The British Film Institute, an industry body, found that international productions spent a record-breaking £3.04bn in the UK in 2019. Research firm Ampere Analysis found that more than three quarters of that spend was inward investment from streaming platforms such as Netflix and Amazon.

Adrian Wootton, the chief executive of the British Film Commission (BFC), the agency responsible for attracting and supporting major international film and TV production, told fDi that streaming platforms have been a “game changer” and led to continued demand for UK studio space despite the pandemic.

“We’ve worked hard to put together a critical package… people want to utilise the skills, talent and ingenuity of the UK, which has the best concentration of acting talent in the world outside the US,” he adds.

The BFC has championed initiatives to make the UK more competitive for the industry, such as film tax relief that allows production companies to claim a rebate of up to 25% on their expenditure in the UK.

“We engineered a tax credit that was transparent, simple, incredibly effective and intelligible. It gave us a seat at the competitive table,” says Mr Wootton.

Spending on high-end TV production rose from £640m to almost £1.7bn in the five years to 2019, according to BFI figures.

Regeneration and recovery

While the majority of studio investment is concentrated in London and the south-east, in line with the regional divide seen across most sectors, film and TV production hubs in other parts of the UK have emerged in recent years.

In Northern Ireland, where the popular fantasy TV show Game of Thrones was filmed, the industry has brought in significant investment, training opportunities and tourism to the area. Other cities are joining the race, with Liverpool announcing plans in October to build a new studio in the city’s historic Littlewoods building.

“Studios are now looking like a much better investment. It attracts companies to come and film there, and because it is heavily television, it attracts other ancillary service companies to locate around them and creates long-term job opportunities,” says Mr Wooton.

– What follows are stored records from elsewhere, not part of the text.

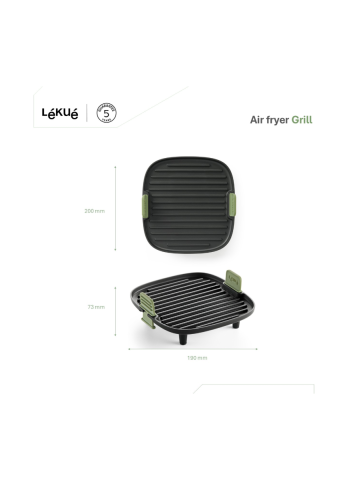 Air fryer Grill Grill para Air fryer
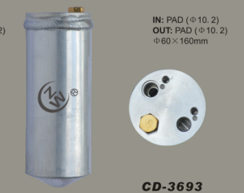 Receiver Drier CD-3693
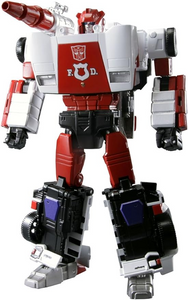 Transformers Masterpiece - MP-14 Red Alert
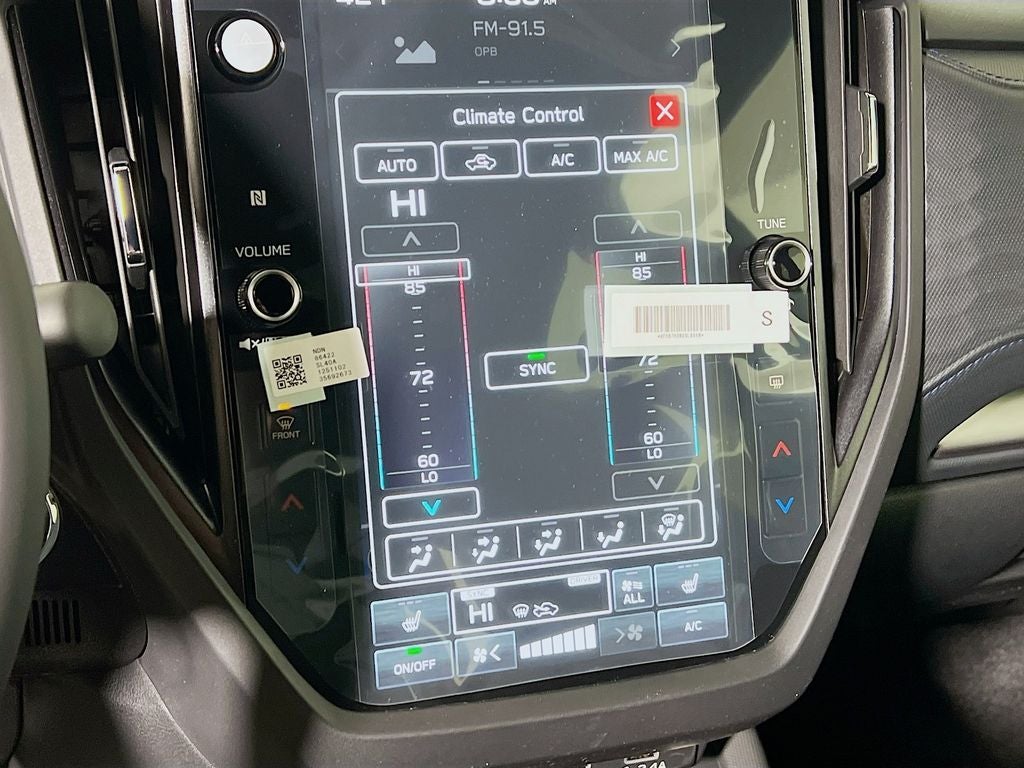 2026 Subaru FORESTER Premium Hybrid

Given the potential of the film and TV production industry, which supports more than 180,000 jobs and contributes more than £12bn to the economy each year, the UK government has rolled out support due to national lockdowns and stalled activity.

In October 2020, the UK government provided a total of £500m to support productions that have to close due to coronavirus-related delays or abandonment. 

Rishi Sunak, the chancellor of the exchequer, said upon announcing the scheme that “our world-leading film and TV industry supports tens of thousands of jobs and is hugely important to the UK’s cultural life”.

He added: “This targeted scheme will help to fill the gap created by the lack of available insurance, and help get our world renowned film and TV industry back up and running.”